In this country, Exxon Mobil Corp. and FuelCell Energy have a small pilot project going in Alabama — one that tries to capture carbon from a duel coal and natural gas power plant there, using the CO2 to enhance oil recovery. Their technology also cuts nitrogen oxide, or smog-causing pollutants, by 70%. At the same time, ConocoPhillips, General Electric and RoyalDutchShell Corp. are spending billions to gasify coal and to capture and bury carbon.
“If we can put a man on the moon, we can bury carbon and cleanly burn coal,” says Cecil Roberts, head of the United Mine Workers, in an interview with this writer. The mine workers, he adds, believes climate change is real and that humans are contributing to it.
What does all this mean for CO2 releases and for climate change? In 2017, the earth’s surface temperature exceeded that of the 20th century average by 0.84 Celsius, says T. Wang, in Statista. In recent years, temperatures have only escalated and added concern for climate activists — that such warming is leading to a decrease in arctic ice and aberrant weather patterns. In the United States alone, droughts and hurricanes are costing billions to repair.
To this end, China is the largest emitter of greenhouse gases. The United States is second. That is according to the World Economic Forum, which says that India, Russia, Japan, Germany, Iran and Saudi Arabia follow. Importantly, China — with more than 1 billion people — creates double the CO2 as does the United States, which in turn, creates double that of India. Collectively, the forum adds, the 15 biggest emitters cause 72% of the globe’s CO2 emissions. The other 180 countries produce nearly 28%.
“The narrative surrounding coal has been pessimistic across the world.
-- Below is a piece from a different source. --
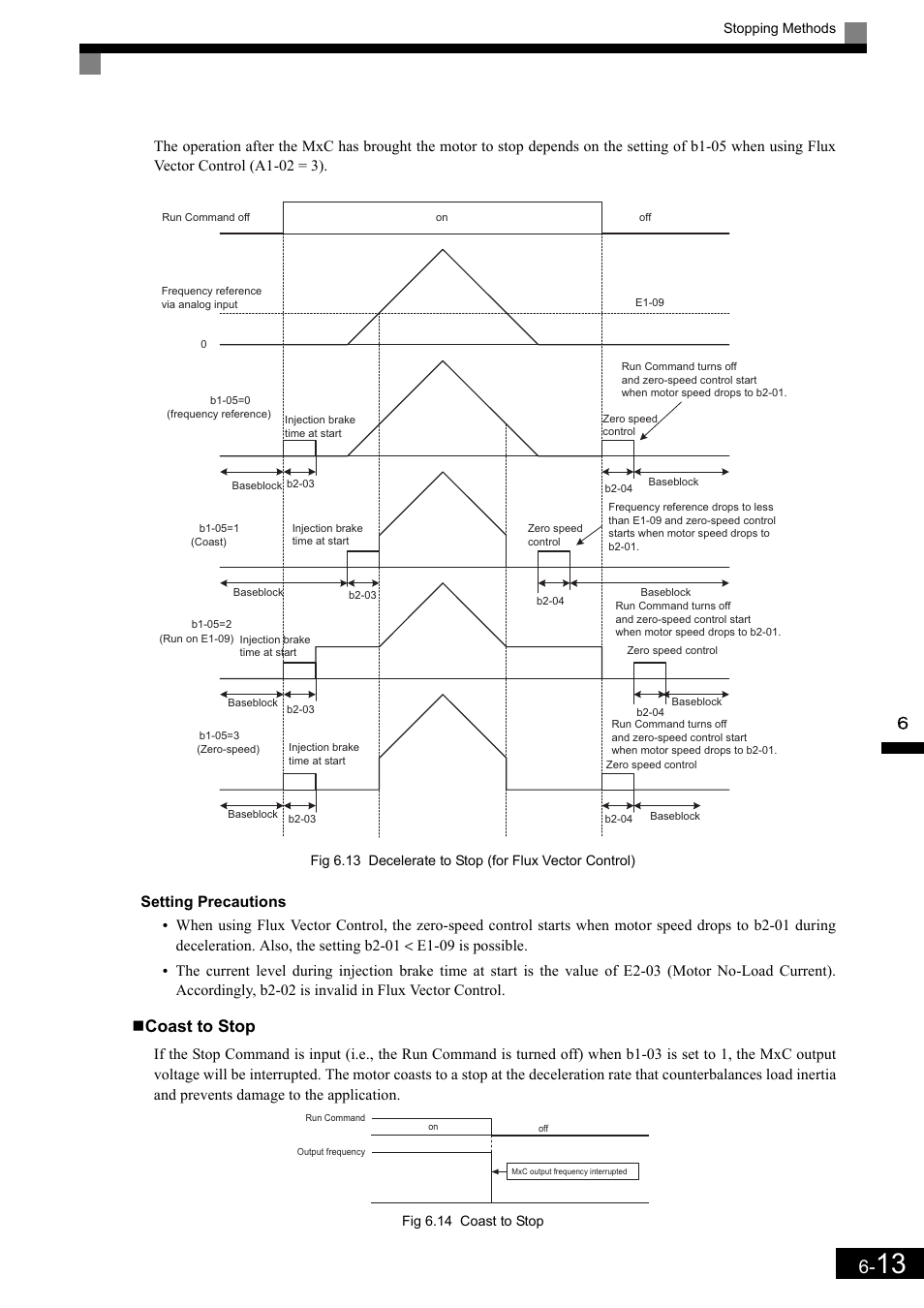 Coast to stop | Yaskawa Matrix Converter User Manual | Page 178 / 398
This will result in the gradual slowdown of new coal-fired capacity in Southeast Asia. However, the reality of rising power demand and affordability issues in the region mean that we will only start to see coal’s capacity plateau post-2030,” said Jacqueline Tao, research associate for Wood Mackenzie.
The good news, she adds, is that as the cost of renewables decline, wind and solar will lead Southeast Asia in power mix: 35% by 2040, or 205,000 megawatts.
While coal use may remain a staple of the global energy mix, it is apparent that greener energies are marching forward — especially in the developing world. The central question is thus whether to invest in advanced coal technologies or to allocate those resources toward renewables. Carbon capture and storage is expensive. But if solving the climate dilemma is paramount, then so too is new investment in the technology.